BEGIN
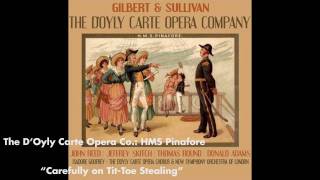 Video Carefully on tip-toe stealing Gilbert And Sullivan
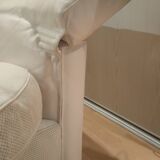 White leather sofa Paolo Piva (Designer) model ARCA for B&B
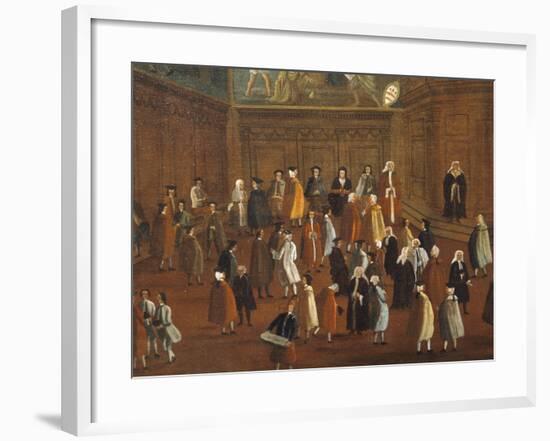 The Hall of the Compass-Gabriel Bella-Framed Giclee Print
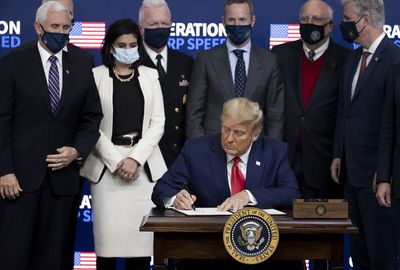 Trump is treating the economy like COVID
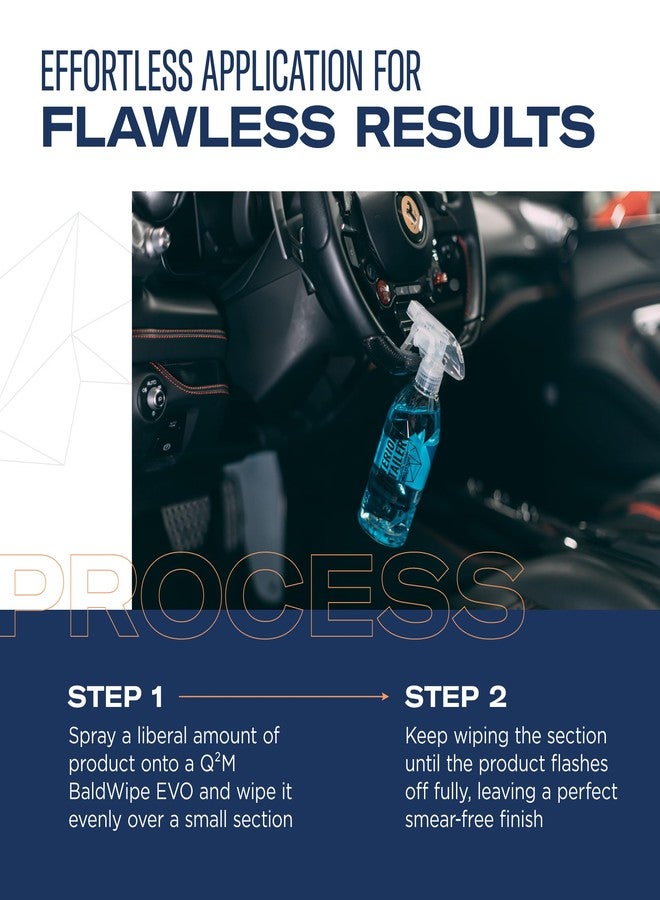 Gyeon Interior Detailer All‑Surface Car Interior Cleaner Safe on Leather Plastic Textiles Vinyl Dashboard Screen Trim Purify Matte Finish No Shine Residue - Image 3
END
Exercise goal ::
Print the entries above word for word, without pictures.

Answer for the task ::
 Video Carefully on tip-toe stealing Gilbert And Sullivan
 White leather sofa Paolo Piva (Designer) model ARCA for B&B
 The Hall of the Compass-Gabriel Bella-Framed Giclee Print
 Trump is treating the economy like COVID
 Gyeon Interior Detailer All‑Surface Car Interior Cleaner Safe on Leather Plastic Textiles Vinyl Dashboard Screen Trim Purify Matte Finish No Shine Residue - Image 3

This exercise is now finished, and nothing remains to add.